MagMod is a unique system that employs earth magnets and silicone rubber to modify the light quality of your speedlight. We have previously reviewed some of the MagMod accessories, and today we are taking a closer look at MagBounce – a magnetic reflector / bouncer.
The MagBounce comes in a compact premium box that includes a microfiber carrying pouch. As we mentioned in the earlier reviews, we really like reusing the MagMod boxes for small things around the studio, like, for example, the Frio cold shoe or even batteries. The cloth pouch is nice to have, especially when you carry multiple MagMod items together.
The MagMod MagBounce reflector is molded out of white silicone rubber. It attaches to your flash using the MagGrip band and integrated magnets. The MagGrip is sold separately, but it can be used with other MagMod accessories.
In the past, we used some light modifiers that had troubles staying securely attached to the flash head under certain circumstances. Well, this is definitely not a problem with the MagBounce. In fact, the magnets are so strong that you can lift the flash by grabbing the MagBounce. You can even lift the flash with the camera it's attached to. Obviously, we do not recommend doing it, and we only did it to test the strength of the magnets ;).
The MagMod MagBounce is perfect for the event photography when the flash has to stay on camera and you move around a lot: weddings, parties, concerts, etc. It can also be used as a small softbox alternative for off-camera applications.
When capturing the moment, you often need to rotate your camera from landscape to portrait orientation. For the flash bouncer to still point toward the subject, it needs to be mounted on a narrow side of the flash head. Some speedlight reflectors, like LumiQuest Quik Bounce, designed to be permanently mounted on the narrow side. With the MagBounce, you can simply turn it 90 degrees when shooting in portrait orientation. Since the magnets are so easy to attach and detach, the switch is almost instant. The following images show how the MagBounce employs 4 magnets to mount along the longer and shorter edges of the flash head.
We have to note that the MagBounce is a relatively heavy speedlight modifier. We don't have problems with its weight itself, which is about 10 oz / 280 grams (including the MagGrip). However, some flashes, like, for example, Phottix Mitros, do not lock heads in the vertical position, and the MagBounce is heavy enough to cause the flash head to slam down when moving around. This is a fairly common issue with speedlight modifiers. We've seen the same problem with early versions of Rogue FlashBenders or Gary Fong Lightsphere, for example. So, we recommend checking your flash head if you are considering this modifier for on-camera work.
Judging by the size, we expected the light quality of the MagMod MagBounce to be similar to its rival. However, we expected the light loss to be higher compared to the competition, since the MagMod unit is made of the rubber, and therefore, some of the light comes through its bounce surface. We were pleasantly surprised that the MagBounce performs similarly to other reflectors both in terms of the light quality and light loss.

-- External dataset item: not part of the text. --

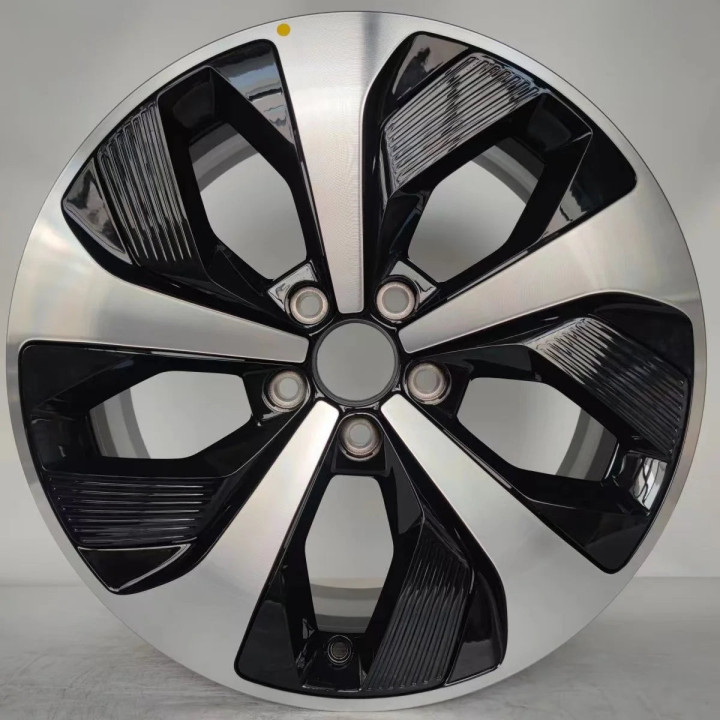 Hliníkové kolo 19 × 7,5J ET45 pro BYD Seal U – foto 2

As you can see in the following series of images, there is no significant difference in the exposure between the photos taken with the three speedlight diffusers (the flash power was set to same manual value in all test shots). If anything, the MagBounce spreads the light a bit wider horizontally, which is good for group photography.
The portraits below are the examples of using the MagBounce on location.
In our tests, the light quality wasn't varying too much depending on the flash zoom, but we found that the values starting from 70mm were causing some additional light loss. So, we recommend setting the flash zoom between 20mm and 50mm. The left image below shows how the light hits the surface of the MagBounce at 20mm, and the right photo is taken at 200mm flash zoom.
Since the MagBounce is a part of the MagMod family, if can be easily mixed with the MagGel if you need to color-correct your flash or add a color effect. Simply slap the gel holder between the bouncer and the MagGrip, and you are good to go.
Finally, we want to add that the MagBounce is very portable. You can squish and stick it into your gear bag (with or without the carrying pouch). When you pull it out, the MagBounce instantly pops open.
To sum up, the MagMod MagBounce is a great speedlight reflector, which can instantly attach to a flash that wears a MagGrip band. The light quality is great (arguably, slightly better than competition) for a modifier of this size. It can be used on- and off-camera with or without gels. It works perfectly with most flashes, but it should be used with caution with some speedlights that don't have a head lock. It is priced competitively, currently at about 50 USD (please check the latest prices below). The required MagGrip band, however, will cost you additional 25 USD, but you are buying into a great system that delivers an extremely high speed of interchanging and combining multiple speedlight accessories. We can certainly recommend the MagBounce for photography professionals and hobbyists alike.